[[ Information provided open ]]
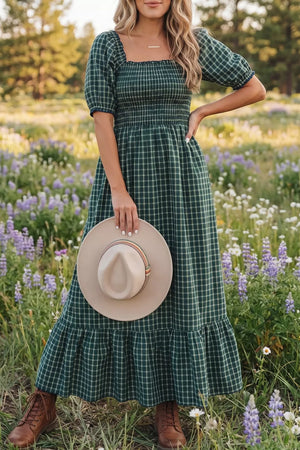 Plaid maxi dress with smocked bodice, square neck, puff sleeves, and ruffled hem.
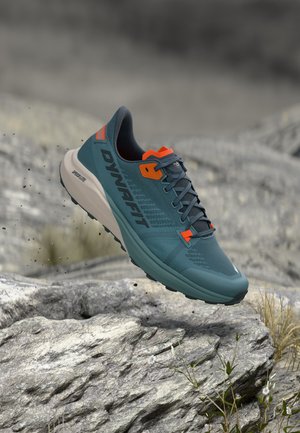 Chaussure de trail running Dynafit bleu et orange flottant au-dessus d'un terrain rocheux avec des plantes et un arrière-plan naturel flou.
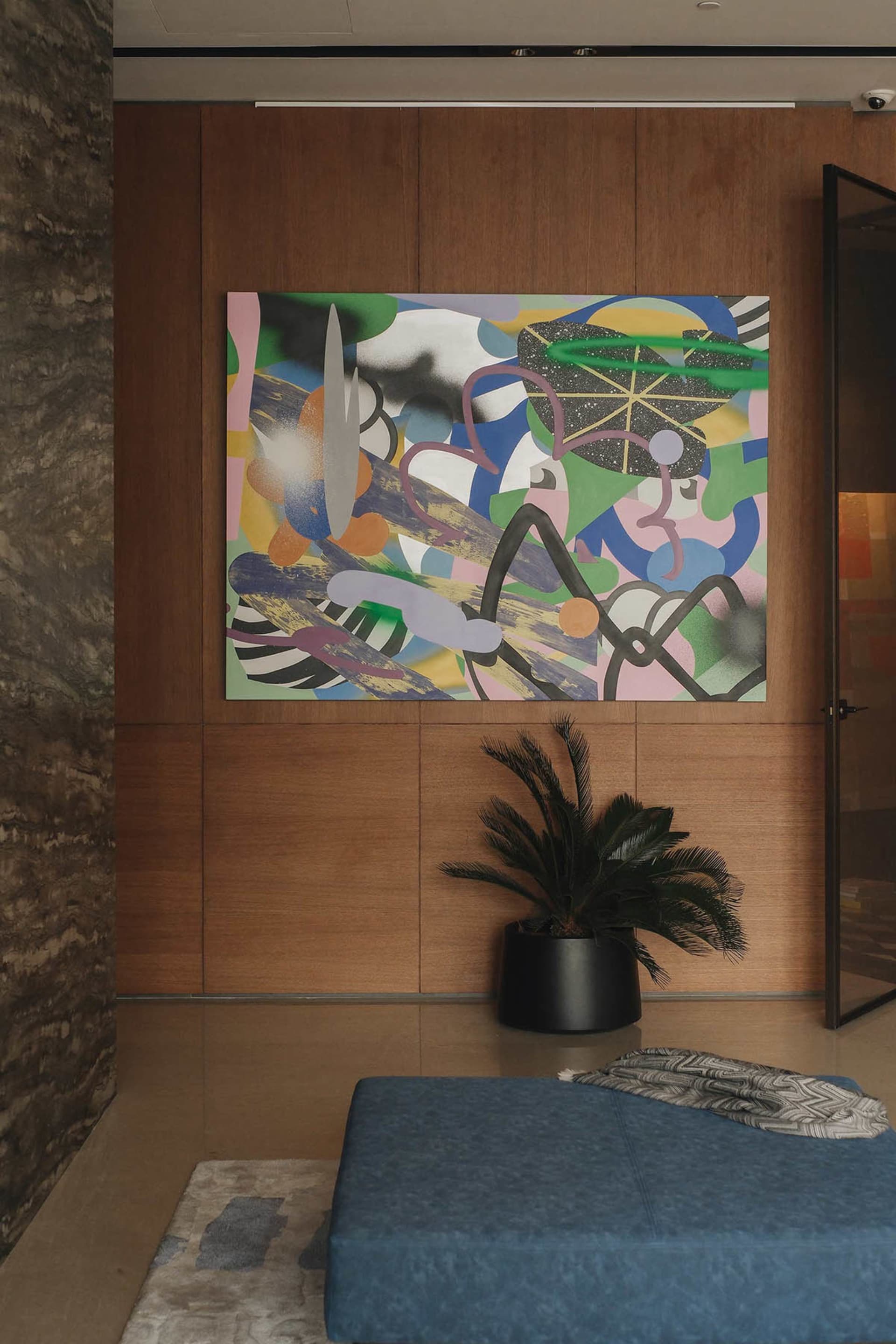 A modern living room features an abstract painting hanging on wood-paneled walls, creating a contemporary and stylish atmosph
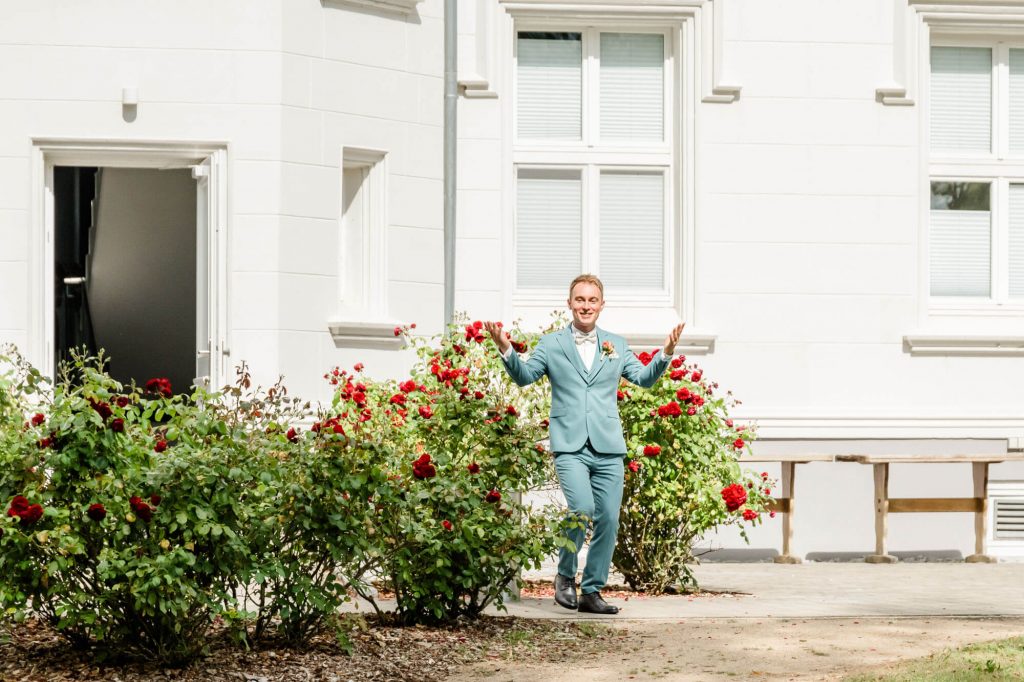 Person im Anzug vor weißem Gebäude und Rosen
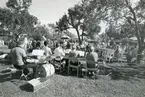 Kila sn, Sätra brunn.
275-årsjubileet 1975.
Orkester spelar för gästerna som sitter i trädgårdscaféet.
Instrument - bland annat cymbal, trummor och något blåsinstrument, ev.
[[ Information provided closed ]]
Problem statement: In the entries, find the line containing "275-årsjubileet 1975." and output it and all remaining lines exactly.

Exercise output:
275-årsjubileet 1975.
Orkester spelar för gästerna som sitter i trädgårdscaféet.
Instrument - bland annat cymbal, trummor och något blåsinstrument, ev.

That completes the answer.